Tal vez lo extraño de su pintura provenga de su relación con el simbolismo ruso de principios de siglo. Una influencia que se puede ver en sus pinturas más religiosas, en especial las que tocaban el cristianismo ortodoxo.






Pero como buen ruso, Roerich tuvo problemas con los cambios políticos que marcaron esta experiencia rusa de principios de siglo. La Primera Guerra Mundial, la Revolución Bolchevique, la llegada al poder de Lenin.

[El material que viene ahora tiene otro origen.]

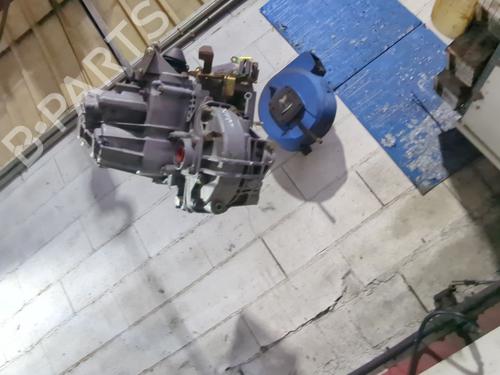  - Image 6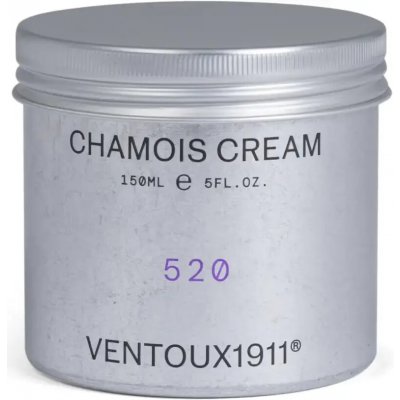 Chamois krém pro cyklisty Rapha chamois cream - 150 ml – Zboží Dáma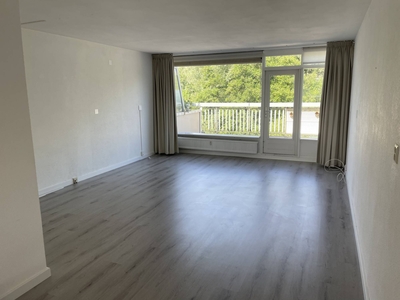 Appartement Waleweinlaan in Geldrop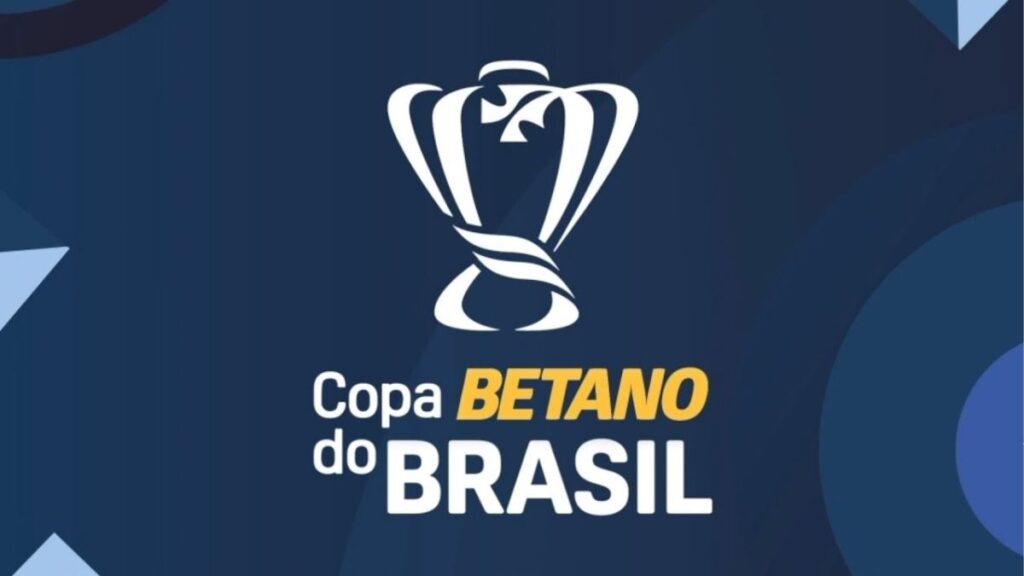 Copa do Brasil: Prime Video exibe 54 partidas exclusivas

Hay muchas discusiones sobre la verdadera razón que llevó a Roerich a emigrar primero a Finlandia, después a Londres y finalmente a Estados Unidos. Algunos dicen que odiaba a Lenin y no era muy afín al comunismo. Otros –y esta es su propia versión aunque poco creíble– que se quedó medio atrapado en Finlandia y tuvo que moverse obligado a Londres. Luego, en los años 20, gracias a una exposición de su obra en Chicago, se fue con su esposa y se quedaron allí varios años.
Pero a la vida y obra de Roerich le faltaba una última vuelta de tuerca. Ya en Rusia había coqueteado con el misticismo, el budismo y un poco de ocultismo. Pero entrados de lleno en el Siglo XX, Roerich y su mujer Helena –filósofa, médium y clarividente– empezaron a hacer una serie de viajes al Tibet y a la India, al tiempo que pontificaban una unión de todos los países indoeuropeos bajo el estandarte del budismo. Estuvo metido en asuntos de espionaje al mismo tiempo que el gobierno norteamericano le auspiciaba un viaje a Mongolia. Se dice que intentó armar a grupos tibetanos de resistencia mientras fundaba asociaciones de protección artística en la India.
Y se puso a pintar montañas.









Sus dibujos y pinturas de los Himalayas, el Everest y todas esas montañas que los escaladores y montañistas han hecho famosas en los últimos años, las pintó Roerich mejor que nadie.